In the entries below, find the line with "Vintage Large Navajo" and the line with "Cascading Ruby Floral Statement Necklace"; copy them and every line between them exactly, but not the pictures.
#### EXERCISE DATA ####
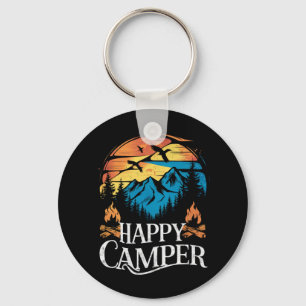 Porte-clés Heureux campeur Rétro Vintage Équipage de camping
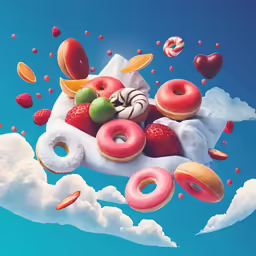 an advertisement featuring a donut falling into a mixture of assorted doughnuts and pastries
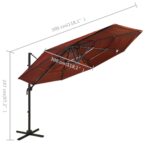 Parasol de jardin à 4 niveaux avec mât en aluminium terre cuite – Image 7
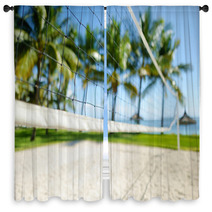 Tropical Resort With Volleyball Court Window Curtains 63936203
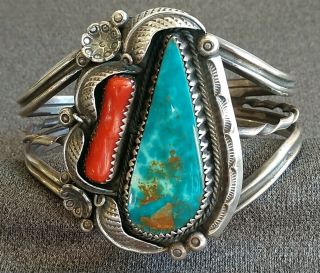 Vintage Large Navajo Royston Turquoise Red Coral Sterling Silver Cuff Bracelet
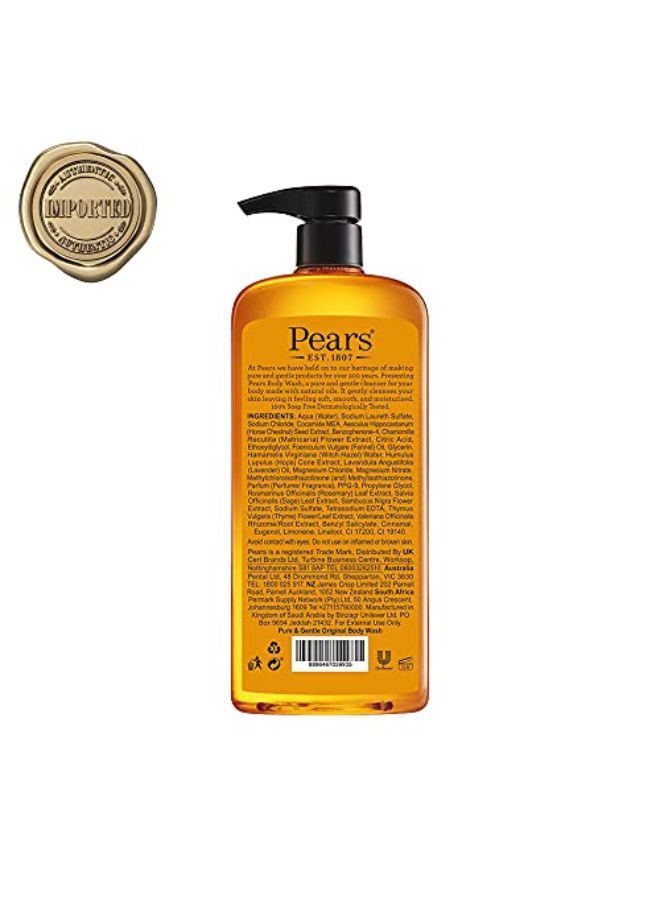 Pure & Gentle Original Body Wash With Glycerin ,Dermatogically Tested, 100% Soap Free Shower Gel,Imported,750 Ml (Free Loofah)
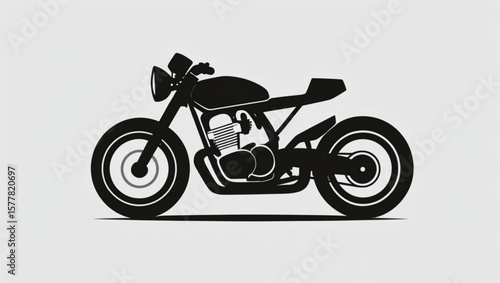 Café Racer Motorcycle Silhouette Illustration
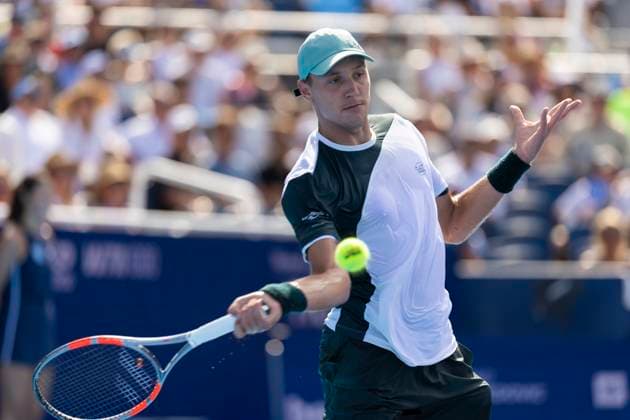 August 12, 2025, Mason, Ohio, USA: Mason, Ohio; Cincinnati Open Tennis Tournament - 2025 08 12 - Hamad Medjevic plays a ball against opponent Carlos Alcaraz. - ZUMAPress Mason USA - ZUMAn24_ 20250812_zaf_n24_195 Copyright: xWallyxNellx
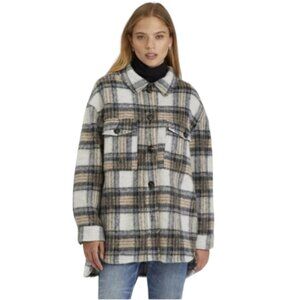 Santuary Town Plaid Wool Blend Shacket Size M
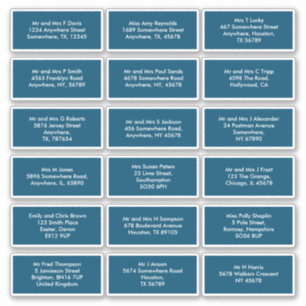 18 Individual Recipient Names Addresses Turquoise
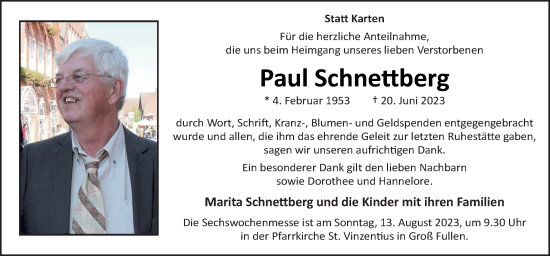 Traueranzeige von Paul Schnettberg von Neue Osnabrücker Zeitung GmbH & Co. KG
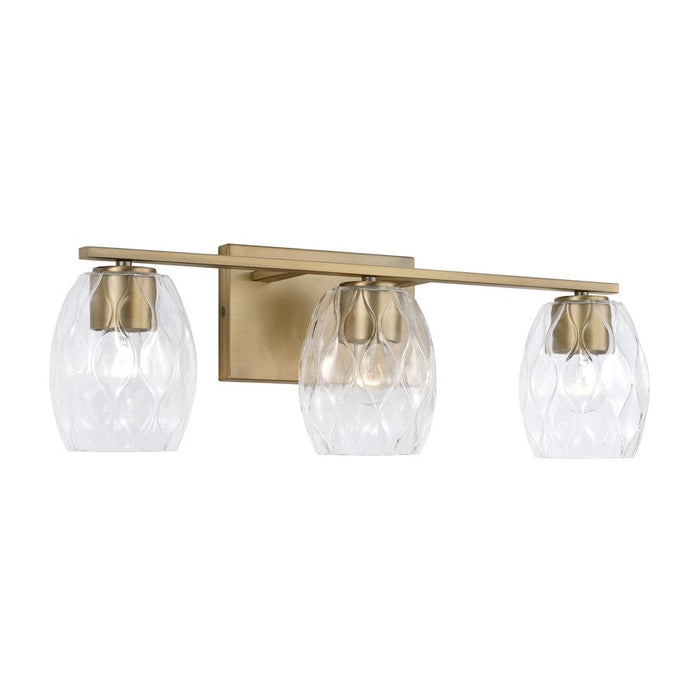 Capital Lighting Lucas 3 Light Vanity, Aged Brass/Wavy Embossed - 145331AD-525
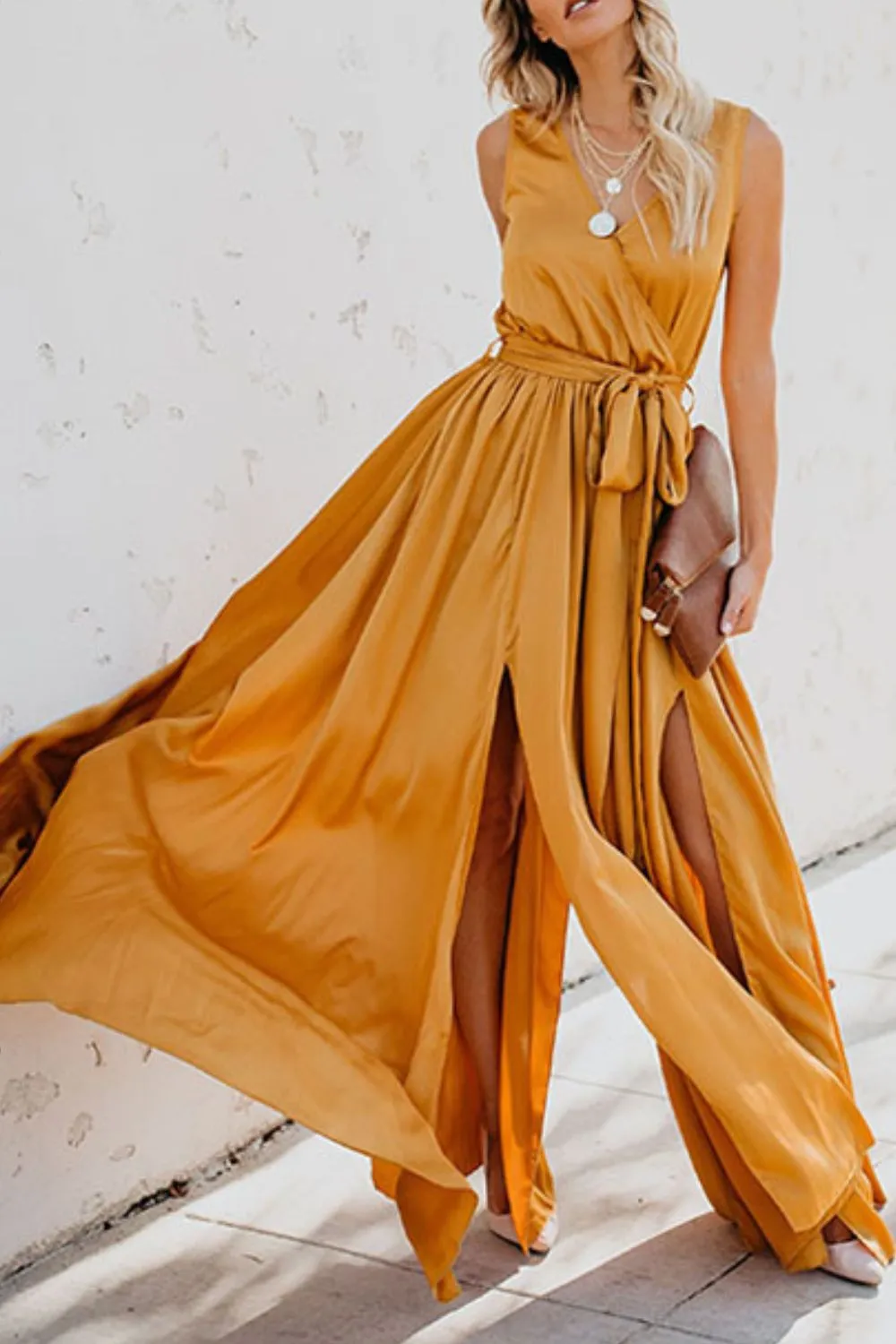 Surplice Tie Waist Maxi Dress - Image 3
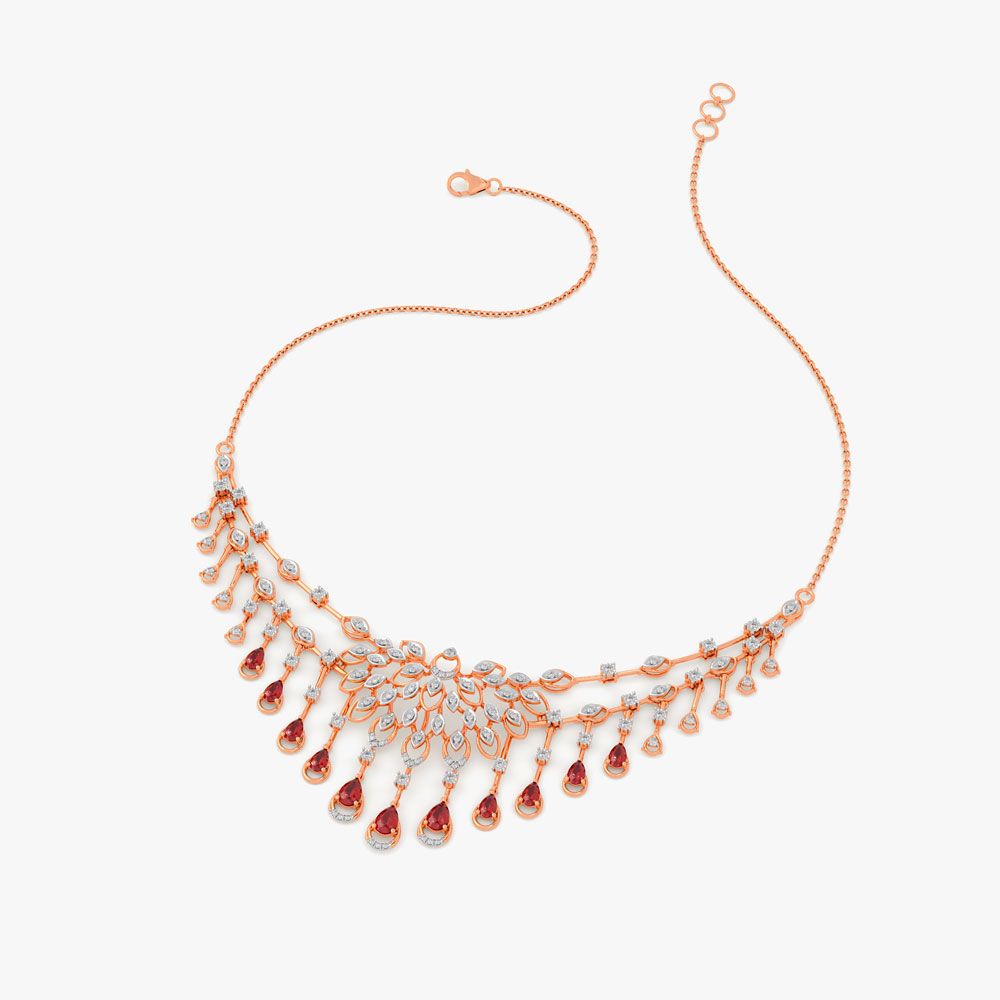 Cascading Ruby Floral Statement Necklace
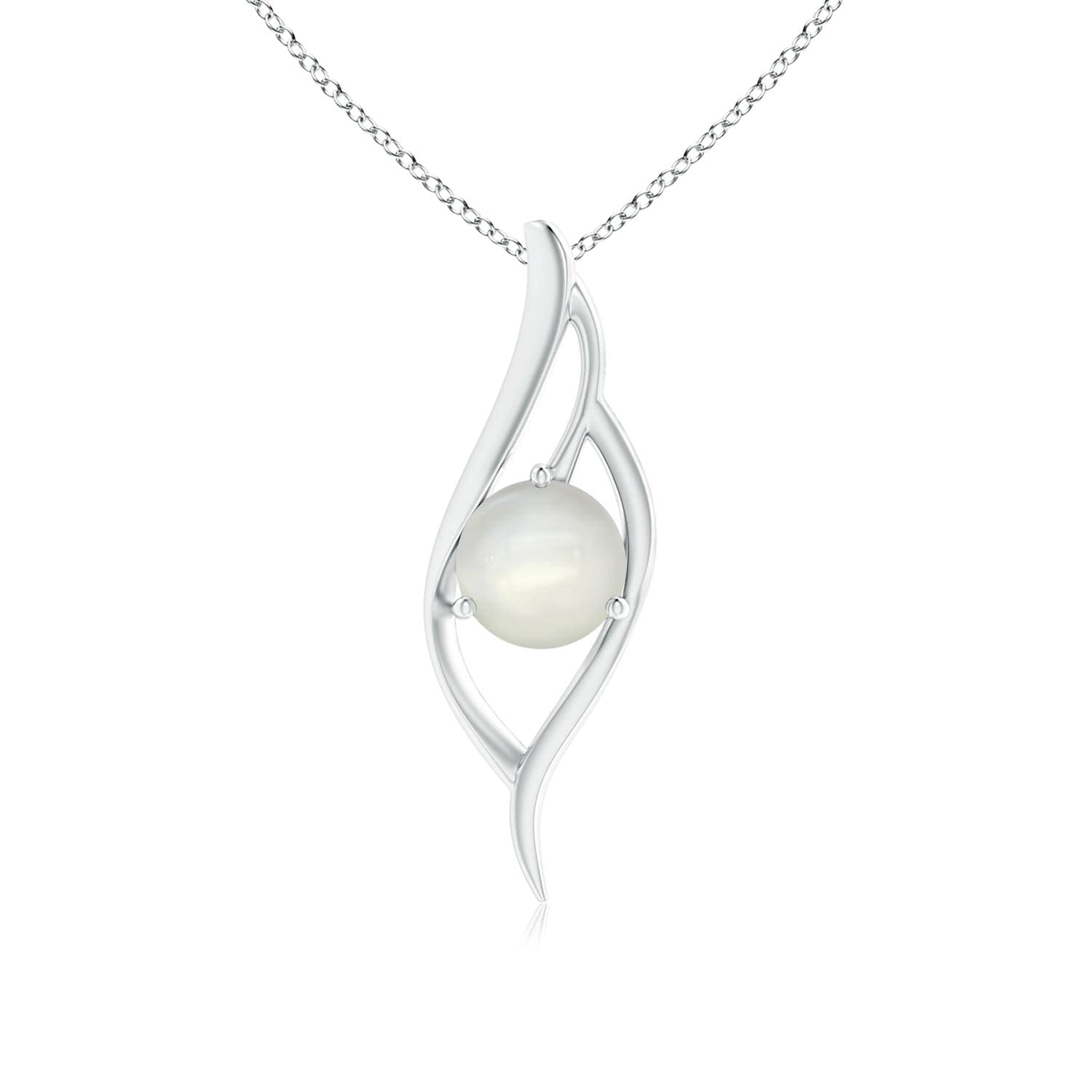 Angara Natural Moonstone Solitaire Pendant Necklace for Women in 14K Solid Gold | Elegant Birthstone Jewelry for Birthday, Engagement, Anniversary & Wedding Gifts | Perfect for Romantic Occasions & Everyday Wear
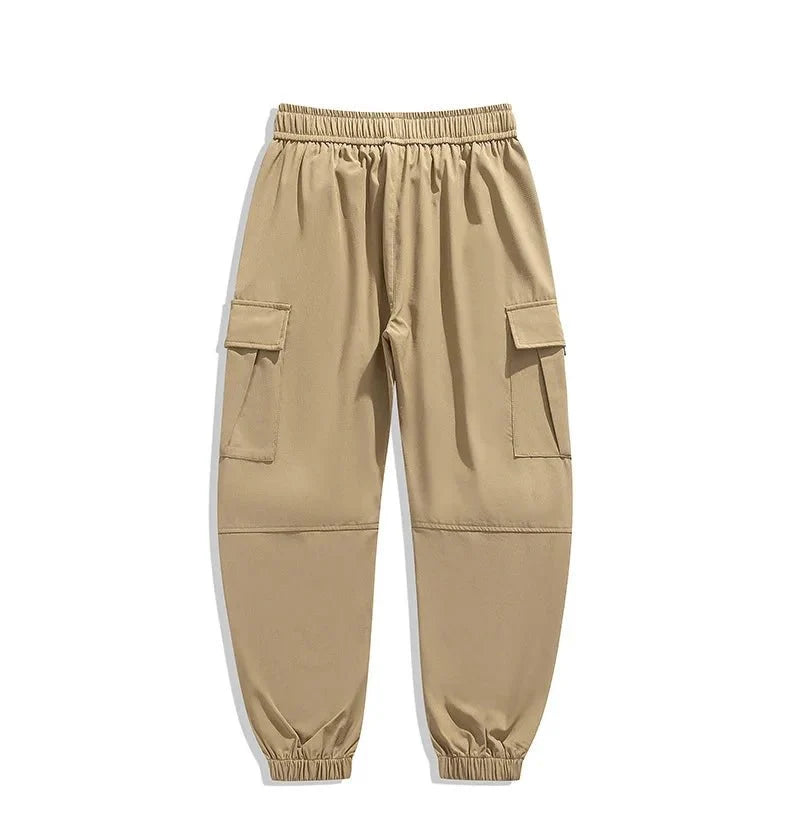 Men's wide leg casual trousers by TrendLux Wear, high street loose fit multi-pocket pants in six colors, shown in a neutral style.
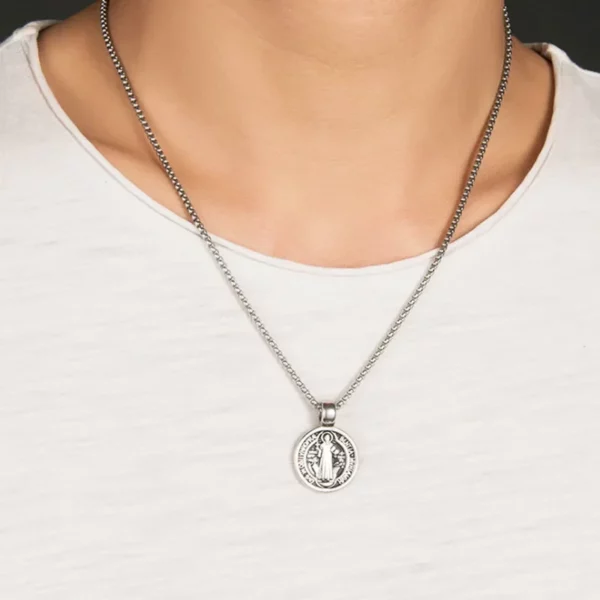 Collier Saint benoît en acier inoxydable, médaille de San Benito, pendentif spirituel de la vierge marie pour hommes et femmes – Image 4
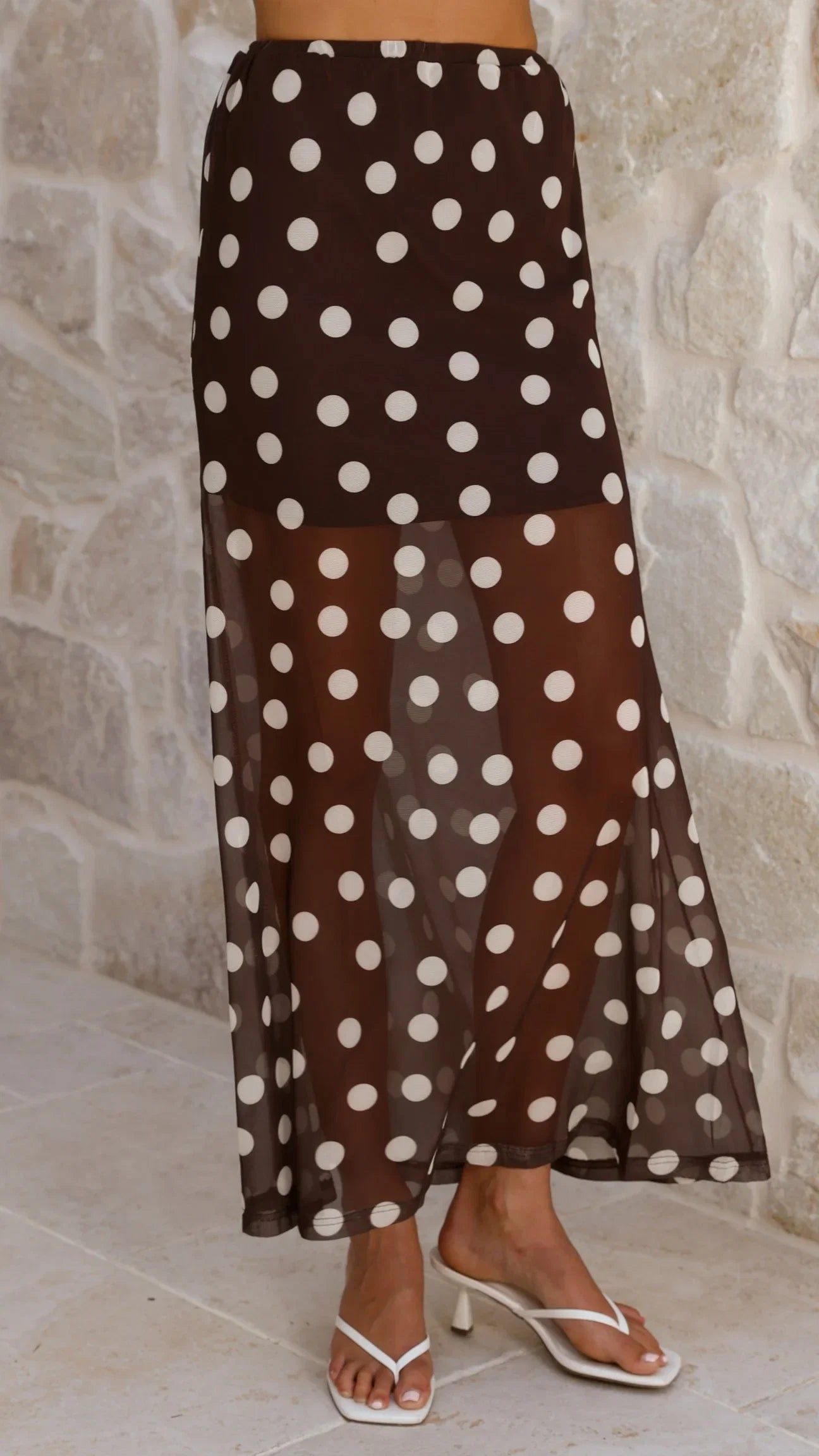 Onella Semi Sheer Maxi Skirt Chocolate White Polka Dot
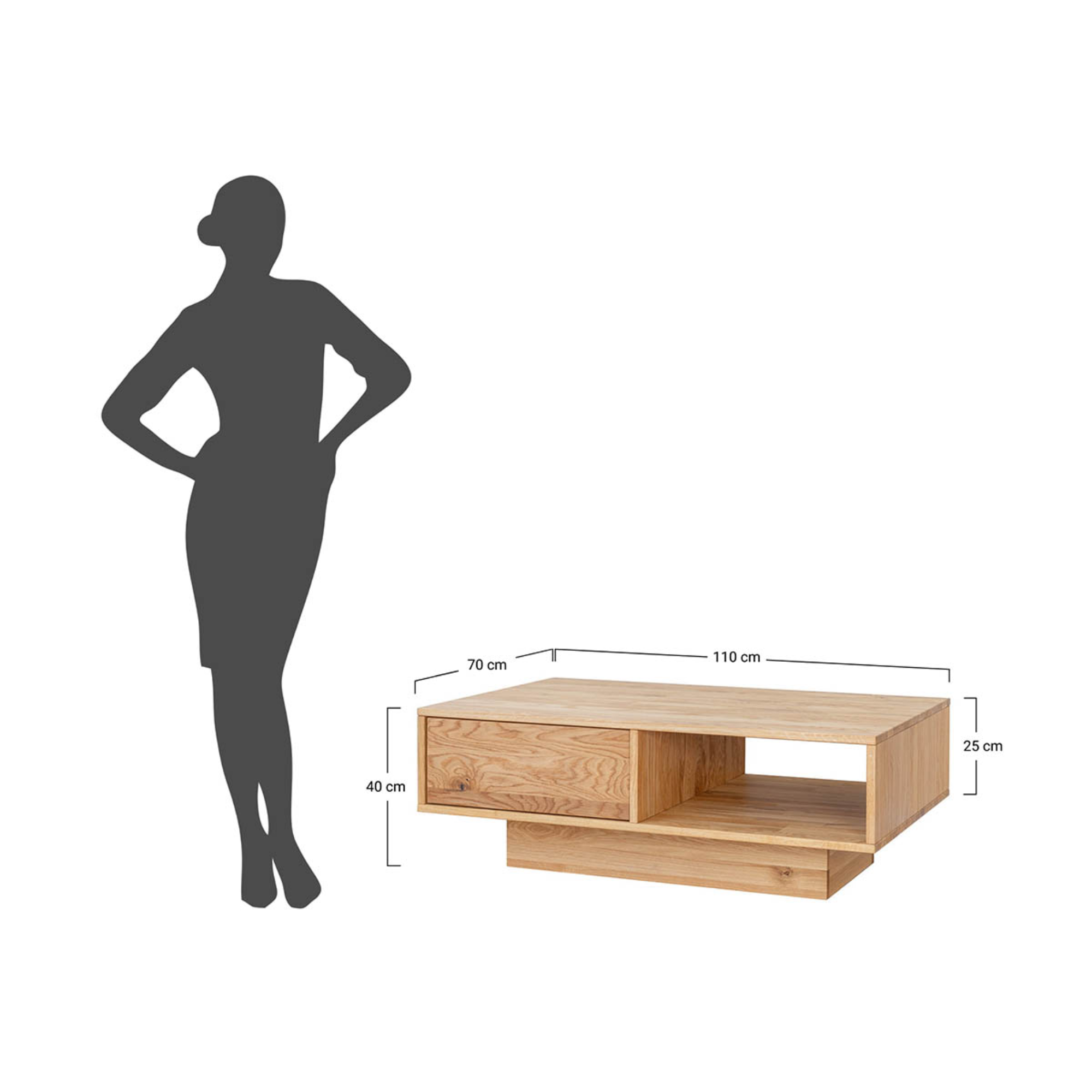 Klub stolić Collodi 110x70cm, Materijal: Masivno Drvo Hrast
####
* ANSWER BELOW:
 Vintage Large Navajo Royston Turquoise Red Coral Sterling Silver Cuff Bracelet
 Pure & Gentle Original Body Wash With Glycerin ,Dermatogically Tested, 100% Soap Free Shower Gel,Imported,750 Ml (Free Loofah)
 Café Racer Motorcycle Silhouette Illustration
 August 12, 2025, Mason, Ohio, USA: Mason, Ohio; Cincinnati Open Tennis Tournament - 2025 08 12 - Hamad Medjevic plays a ball against opponent Carlos Alcaraz. - ZUMAPress Mason USA - ZUMAn24_ 20250812_zaf_n24_195 Copyright: xWallyxNellx
 Santuary Town Plaid Wool Blend Shacket Size M
 18 Individual Recipient Names Addresses Turquoise
 Traueranzeige von Paul Schnettberg von Neue Osnabrücker Zeitung GmbH & Co. KG
 Capital Lighting Lucas 3 Light Vanity, Aged Brass/Wavy Embossed - 145331AD-525
 Surplice Tie Waist Maxi Dress - Image 3
 Cascading Ruby Floral Statement Necklace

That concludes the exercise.